The New York-based group plans to transform its $1.2bn ($792m, €892m) Steel Partners II fund into a holding company spanning energy, aerospace, insurance and banking, likely to be listed on either Nasdaq or the New York stock exchange in the second quarter of 2009.
Steel Partners took the controversial step after facing an unprecedented wave of redemption requests; as of October it had received withdrawal notices for 38 per cent of the fund's assets.
"This is groundbreaking. It is definitely the most creative and radical solution we have come across," said Mike Vogel, partner at Elcot, a London-based family office with a "substantial" investment in the fund.
However, Gary Vaughan-Smith, partner at SilverStreet Capital, a fund of hedge funds that did not invest in Steel Partners, said: "This is good for the manager and bad for investors." Other hedge funds have reacted to large-scale redemption requests by imposing restrictions such as "gates", which limit the amount that can be withdrawn each month, or the creation of "sidepockets", new vehicles into which hard-to-sell assets are placed.
Steel Partners' solution trumps these options by effectively trapping capital within the fund, aside from a share buyback of up to $200m, or 17 per cent of its assets, upon listing.

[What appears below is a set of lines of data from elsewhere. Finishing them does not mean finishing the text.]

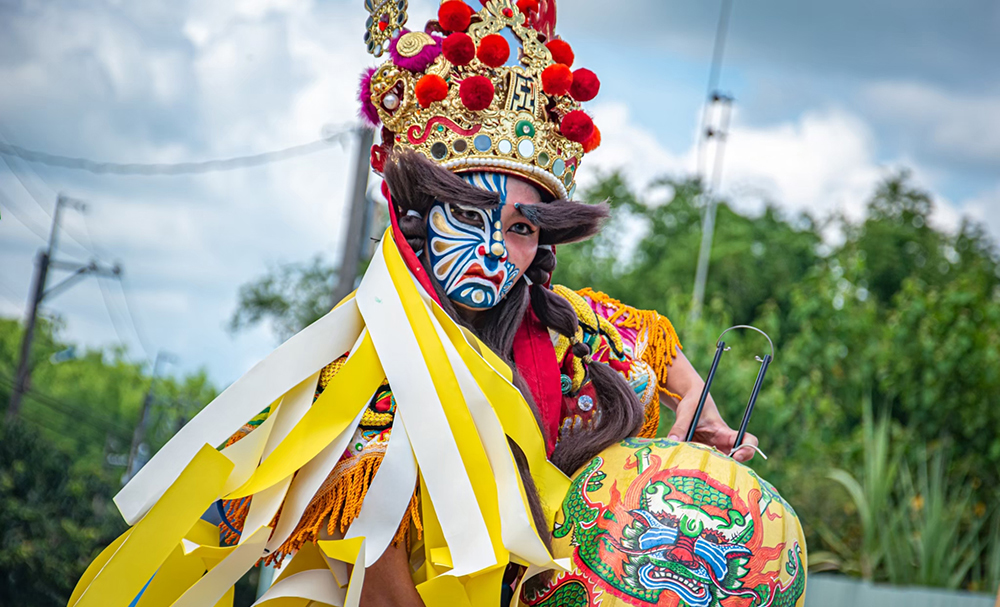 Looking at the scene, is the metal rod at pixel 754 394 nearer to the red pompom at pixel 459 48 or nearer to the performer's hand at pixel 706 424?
the performer's hand at pixel 706 424

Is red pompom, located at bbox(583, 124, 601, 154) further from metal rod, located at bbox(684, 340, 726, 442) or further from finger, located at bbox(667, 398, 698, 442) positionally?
finger, located at bbox(667, 398, 698, 442)

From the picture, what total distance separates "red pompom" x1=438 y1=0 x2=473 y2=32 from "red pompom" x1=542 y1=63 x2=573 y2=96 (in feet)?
0.74

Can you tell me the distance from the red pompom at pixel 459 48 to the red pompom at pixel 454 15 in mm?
62

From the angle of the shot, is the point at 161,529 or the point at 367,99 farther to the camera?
the point at 367,99

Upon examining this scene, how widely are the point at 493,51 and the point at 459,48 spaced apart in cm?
8

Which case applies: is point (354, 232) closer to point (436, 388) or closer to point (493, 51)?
point (493, 51)

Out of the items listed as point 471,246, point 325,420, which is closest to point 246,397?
point 325,420

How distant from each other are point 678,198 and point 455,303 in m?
23.7

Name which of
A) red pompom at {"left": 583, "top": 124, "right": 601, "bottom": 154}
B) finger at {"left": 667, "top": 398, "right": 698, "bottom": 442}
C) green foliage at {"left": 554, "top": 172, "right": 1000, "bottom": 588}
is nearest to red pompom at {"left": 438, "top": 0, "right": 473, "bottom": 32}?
red pompom at {"left": 583, "top": 124, "right": 601, "bottom": 154}

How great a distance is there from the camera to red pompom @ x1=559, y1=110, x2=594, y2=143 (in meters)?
2.27

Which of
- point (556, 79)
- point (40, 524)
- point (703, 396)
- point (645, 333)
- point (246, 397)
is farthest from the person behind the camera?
point (40, 524)

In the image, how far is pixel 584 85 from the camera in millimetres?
2305

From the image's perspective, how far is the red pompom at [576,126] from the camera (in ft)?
7.43

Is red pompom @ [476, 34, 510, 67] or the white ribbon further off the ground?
red pompom @ [476, 34, 510, 67]
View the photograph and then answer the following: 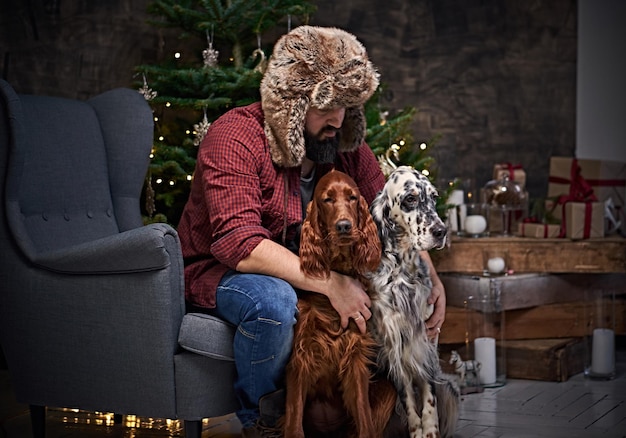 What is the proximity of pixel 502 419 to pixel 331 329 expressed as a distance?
125 cm

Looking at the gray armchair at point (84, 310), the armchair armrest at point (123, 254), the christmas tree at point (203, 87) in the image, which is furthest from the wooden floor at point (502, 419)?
the christmas tree at point (203, 87)

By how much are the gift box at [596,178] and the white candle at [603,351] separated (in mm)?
887

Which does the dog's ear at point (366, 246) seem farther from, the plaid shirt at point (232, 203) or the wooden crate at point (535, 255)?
the wooden crate at point (535, 255)

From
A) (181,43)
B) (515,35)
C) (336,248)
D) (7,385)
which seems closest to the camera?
(336,248)

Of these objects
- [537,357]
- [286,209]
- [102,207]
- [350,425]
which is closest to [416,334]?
[350,425]

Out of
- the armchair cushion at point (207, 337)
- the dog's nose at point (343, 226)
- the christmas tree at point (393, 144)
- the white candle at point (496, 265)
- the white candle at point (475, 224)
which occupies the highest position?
the christmas tree at point (393, 144)

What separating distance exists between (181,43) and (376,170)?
1.98 meters

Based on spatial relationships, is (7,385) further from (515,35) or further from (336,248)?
(515,35)

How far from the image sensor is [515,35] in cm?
533

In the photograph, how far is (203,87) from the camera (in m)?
3.97

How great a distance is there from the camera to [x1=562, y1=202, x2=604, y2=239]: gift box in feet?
14.5

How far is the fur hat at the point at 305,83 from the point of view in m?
2.66

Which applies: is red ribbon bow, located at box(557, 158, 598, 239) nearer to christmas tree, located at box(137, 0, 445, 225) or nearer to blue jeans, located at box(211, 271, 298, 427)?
christmas tree, located at box(137, 0, 445, 225)

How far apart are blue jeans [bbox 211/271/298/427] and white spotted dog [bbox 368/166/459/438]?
0.28 meters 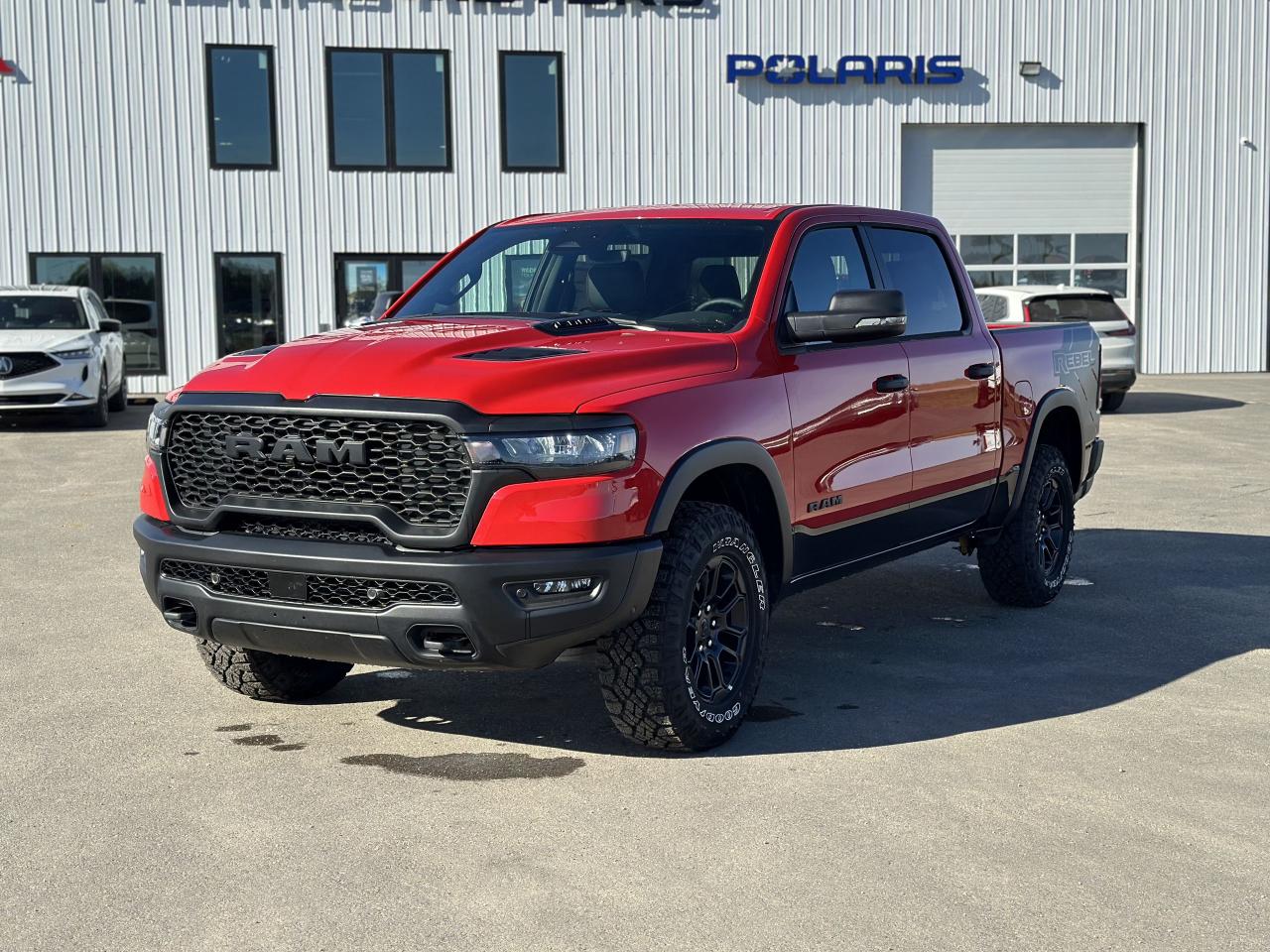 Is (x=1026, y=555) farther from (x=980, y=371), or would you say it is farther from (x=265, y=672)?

Investors will only be able to sell shares in the market - possibly at a steep discount to net asset value - preventing capital from leaving the fund.
Steel Partners said in its letter to investors that it would be "impossible, inequitable and unfair [to remaining investors]" to accede to the redemption requests, given the fund has large, often controlling, stakes in its portfolio companies, rendering it "difficult, and in some instances impossible, to sell assets and businesses quickly".
As of September, just four holdings accounted for 50 per cent of the fund's assets, with eight positions accounting for 80 per cent of its assets.
"We believe this is by far and away the best and fairest solution for all investors. This transaction will give all investors the potential to buy/sell units in the public market at any time," said Steel Partners.
Mr Vogel argued: "It does, to us, look a pretty fair balance in terms of remaining investors and those who were looking to redeem; they will be able to go into a vehicle that has much enhanced liquidity. [Steel Partners] has recognised that this is a transformational change in terms of what is going on in the market and concentrated on what works in terms of getting value out."
But with the average single manager hedge fund listed on the London stock exchange, the major centre for such vehicles, currently trading on a discount of 23 per cent to NAV, Mr Vaughan-Smith said: "If the client wants to exit then a proper plan should be put in place to return the client's cash over time, rather than forcing them into structures which make them take an immediate hit."
One industry consultant feared the move, if replicated, could make it harder for the hedge fund industry to raise assets in future.
However some industry figures doubted the holding company concept would become commonplace, arguing that more short-term "trading" funds could fall foul of tax and regulatory issues in many jurisdictions.
After posting compound annual gross returns of 22 per cent a year from inception in 1990 to 2007, Steel Partners II fell 39 per cent last year, according to figures seen by the FT.